Dans la vie, il n'y a vraiment ni grande ni petite chose. Toutes choses sont d'égale valeur et d'égale dimension.
Je le dis sans la moindre amertume et m'en tiens simplement à l’expérience de la vie commune. En fin de compte, le lien de toute vie commune, que ce soit dans le mariage ou dans l’amitié, doit avoir une base commune. Entre deux êtres dont la culture diffère grandement la seule base commune possible se trouve au niveau le plus bas.
Les dieux sont étranges. Ce n'est pas uniquement de nos vices qu'ils font des instruments pour nous châtier. Ils nous mènent à la ruine par ce qu'il y a en nous de bonté, de douceur, d'humanité, d'amour. Sans ma pitié et mon affection pour toi et les tiens, je ne serais pas en train de pleurer en ce terrible lieu.

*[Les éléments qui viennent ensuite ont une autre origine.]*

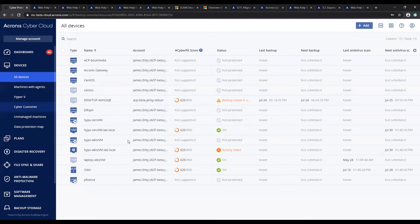Acronis Cyber Protection introduces peer-to-peer technology to minimize network bandwidth traffic by dedicating one or multiple agents to download updates from the internet and distribute them to other agents in the network.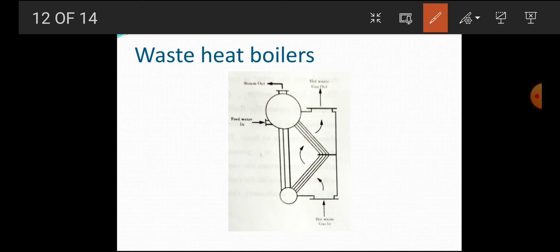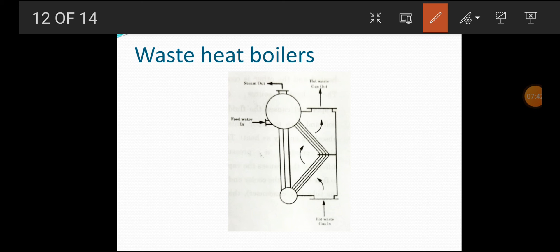Waste heat boilers generally operate using exhaust steam from turbines, reciprocating engines, and furnaces in the medium temperature range. Waste heat boilers are water-tube boilers in which exhaust gases are allowed to pass over a number of parallel water tubes. Due to the exhaust gases passing over the water tubes, the water gets evaporated and saturated steam is produced. This steam is collected in a steam drum and used as process steam.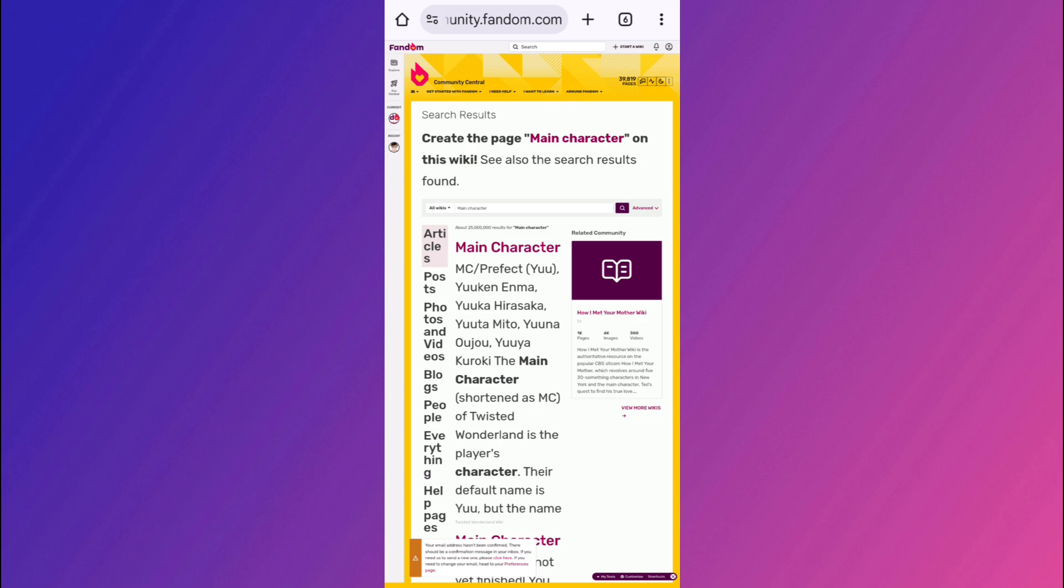So this is how you can make a fandom wiki page entirely from your mobile phone. It is quite quick, powerful and perfect for fans and creators alike. So if you found this tutorial helpful, make sure that you give it a like, subscribe to the channel and tap on the notification bell so that you don't miss any of our future videos. Thanks for watching and I will see you in the next one.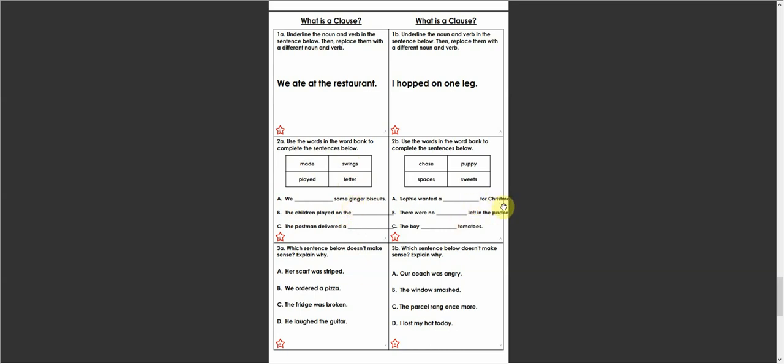I've noticed there's a slight problem here, in that we have some words missed off the edge. This word is Christmas, and this word is packet. So Sophie wanted a beep for Christmas, and there were no beep left in the packet.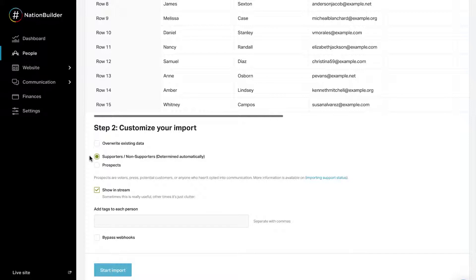Next, profiles always have a support status, which is Supporter, Non-Supporter, or Prospect. If the records being imported are people who have opted into communication, select Supporters, Non-Supporters. Any new profile created with an email address, mobile number, Facebook username or ID, or Twitter login ID will be labeled a Supporter. Other profiles will be created as Non-Supporters.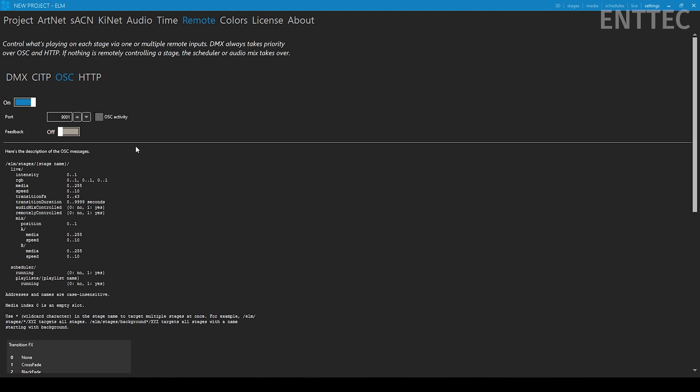From here, you just need to note down the port that's being used. The default in ELM is 9001, but you can change it if desired. Feedback can be left off as it's not needed for this design. You'll also notice the aforementioned list of OSC command strings can be found here, so you don't need to go digging through the manual if you have ELM opened up in front of you.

Ta haine pour ton père atteignait une mesure telle qu'elle surpassait, anéantissait et éclipsait ton amour pour moi Tu ne te rendais pas compte qu'il n'y a pas, dans la même âme place pour ces deux passions. Elles ne peuvent cohabiter dans cette noble demeure. C'est l'imagination qui nourrit l'amour et nous rend plus sages que nous ne nous en rendons compte, meilleurs que nous ne le pensons, plus nobles que nous le sommes. C'est grâce à elle que nous pouvons voir la vie dans son ensemble, c'est grâce à elle , et à elle seule, que nous pouvons comprendre les autres dans leur rapport réel aussi bien qu'idéal. Seul ce qui est beau et hautement conçu peut nourrir l'amour. Mais n'importe quoi nourrit la haine.
La haine aveugle l'homme. Tu n'en avais pas conscience. L'amour peut lire ce qui est écrit sur la plus lointaine étoile. Mais la haine t'aveuglait à tel point que tu ne pouvais voir au-delà de l'étroit jardin emmuré de tes désirs vulgaires, déjà flétri par la soif du plaisir.
Mais tandis que je me réjouissais parfois à l'idée que mes souffrances seraient sans fin, je ne pouvais supporter qu'elles fussent dénuées de sens. Maintenant, quelque chose en moi me dit que rien au monde n'est dénué de sens et la souffrance moins que toute chose. Ce qui est enfoui en mon être, comme un trésor dans un champ, c'est l"humilité.
C'est là tout ce qui me reste, et le meilleur: cette ultime découverte à laquelle je suis parvenu, le point de départ d'une évolution nouvelle. Issue de moi-même, je sais qu'elle est venue au moment opportun. Elle n'eût pu venir plus tôt ni plus tard. Si quelqu'un me l'avait annoncée je l'eusse rejetée. Si on me l'avait apportée, je l'eusse refusée. Maintenant, c’est l'unique chose qui possède pour moi les éléments d'une vie, d'une vie nouvelle, une "vita nuova". De toutes choses, c’est la plus étrange. On ne peut la donner à personne et personne ne peut vous la donner. On ne peut l’acquérir qu'en renonçant à tout ce que l'on a. Il faut avoir tout perdu pour savoir qu'on la possède.